Local offices of the Security Police and SD played an important role in the German administration of occupied territories. The nature of their participation is shown by measures taken in the summer of 1938 in preparation for the attack on Czechoslovakia which was then in contemplation. Einsatzgruppen of the Gestapo and SD were organized to follow the Army into Czechoslovakia to provide for the security of political life in the occupied territories. Plans were made for the infiltration of SD men into the area in advance, and for the building up of a system of files to indicate what inhabitants should be placed under surveillance, deprived of passports, or liquidated. These plans were considerably altered due to the cancellation of the attack on Czechoslovakia, but in the military operations which actually occurred, particularly in the war against USSR, Einsatzgruppen of the Security Police and SD went into operation, and combined brutal measures for the pacification of the civilian population with the wholesale slaughter of Jews. Heydrich gave orders to fabricate incidents on the Polish-German frontier in 1939 which would give Hitler sufficient provocation to attack Poland. Both Gestapo and SD personnel were involved in these operations.

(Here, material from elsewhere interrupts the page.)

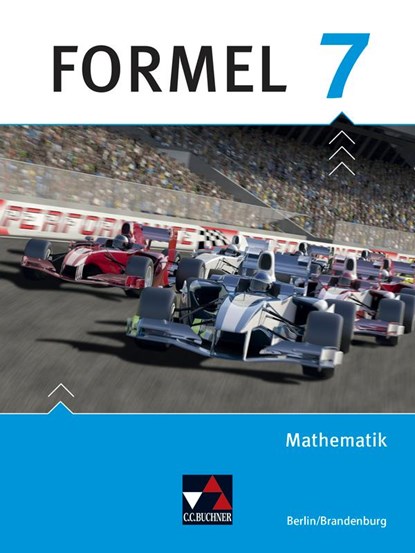Formel Berlin/Brandenburg 7 - neu, Tobias Herz ; Christian Voß ; Andreas Whyte ; Carola Hoppe - Gebonden - 9783661600871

The local units of the Security Police and SD continued their work in the occupied territories after they had ceased to be an area of operations. The Security Police and SD engaged in widespread arrests of the civilian population of these occupied countries, imprisoned many of them under inhumane conditions, subjected them to brutal third degree methods, and sent many of them to concentration camps. Local units of the Security Police and SD were also involved in the shooting of hostages, the imprisonment of relatives, the execution of persons charged as terrorists and saboteurs without a trial, and the enforcement of the "Nacht und Nebel" decrees under which persons charged with a type of offense believed to endanger the security of the occupying forces were either executed within a week or secretly removed to Germany without being permitted to communicate with their family and friends.

Offices of the Security Police and SD were involved in the administration of the Slave Labor Program. In some occupied territories they helped local labor authorities to meet the quotas imposed by Sauckel. Gestapo offices inside of Germany were given surveillance over slave laborers and responsibility for apprehending those who were absent from their place of work. The Gestapo also had charge of the so- called work training camps. Although both German and foreign workers could be committed to these camps, they played a significant role in forcing foreign laborers to work for the German war effort. In the latter stages of the war as the SS embarked on a slave labor program of its own, the Gestapo was used to arrest workers for the purpose of insuring an adequate supply in the concentration camps.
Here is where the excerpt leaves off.